Zhao Lingyun, Heng Hongyan, Xie Qinyuan, Liang Chenghong, Guo Sijia, Zhang Ziyi, Yuan Huijuan
Department of Endocrinology, Zhengzhou University People's Hospital, Zhengzhou, China.
Department of Endocrinology, Henan Provincial Key Medicine Laboratory of Intestinal Microecology and Diabetes, Diabetes Microecology Diagnosis and Treatment and Transformation Engineering Research Center of Henan Province, Henan Provincial People's Hospital, Zhengzhou, China.
Front Endocrinol (Lausanne). 2025 Jun 19;16:1563734. doi: 10.3389/fendo.2025.1563734. eCollection 2025.
To investigate the association between the Glycemic Risk Index (GRI) and carotid intima-media thickness (CIMT) in type 2 diabetes mellitus (T2DM) patients and evaluate the clinical utility of GRI for early vascular risk assessment.

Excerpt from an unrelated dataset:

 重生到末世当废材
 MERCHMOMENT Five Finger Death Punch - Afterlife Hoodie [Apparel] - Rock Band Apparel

This retrospective study included 450 previously untreated patients with T2DM prior to hospitalization. We calculated GRI using CGM data and assessed CIMT with high-resolution ultrasound. Multiple linear and logistic regression analyses assessed the association between GRI and CIMT. Receiver operating characteristic (ROC) curve analyses evaluated GRI's predictive performance.
There was a significant positive correlation between GRI and CIMT (r = 0.42, P < 0.001). After adjusting for confounders, GRI remained an independent predictor of CIMT thickening (OR = 7.226, 95% CI: 5.597-8.856, P < 0.001). ROC analysis revealed that GRI alone predicted abnormal CIMT with an AUC of 0.869.

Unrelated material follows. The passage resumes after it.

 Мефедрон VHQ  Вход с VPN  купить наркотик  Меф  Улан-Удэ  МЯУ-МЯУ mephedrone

GRI is a robust marker for predicting CIMT thickening in T2DM patients, providing a novel approach for cardiovascular risk stratification. This study underscores the potential of integrating GRI into routine diabetes management to improve vascular outcomes.

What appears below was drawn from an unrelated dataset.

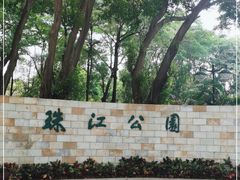 -广州珠江公园
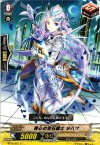  BT10/051 C 専心の宝石騎士 タバサ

探讨2型糖尿病(T2DM)患者的血糖风险指数(GRI)与颈动脉内膜中层厚度(CIMT)之间的关联,并评估GRI在早期血管风险评估中的临床应用价值。
这项回顾性研究纳入了450例住院前未经治疗的T2DM患者。我们使用连续血糖监测(CGM)数据计算GRI,并采用高分辨率超声评估CIMT。多元线性和逻辑回归分析评估GRI与CIMT之间的关联。受试者工作特征(ROC)曲线分析评估GRI的预测性能。
GRI与CIMT之间存在显著正相关(r = 0.42,P < 0.001)。在调整混杂因素后,GRI仍然是CIMT增厚的独立预测因素(OR = 7.226,95%CI:5.597 - 8.856,P < 0.001)。ROC分析显示,单独使用GRI预测CIMT异常的曲线下面积(AUC)为0.869。
GRI是预测T2DM患者CIMT增厚的可靠标志物,为心血管风险分层提供了一种新方法。本研究强调了将GRI纳入常规糖尿病管理以改善血管结局的潜力。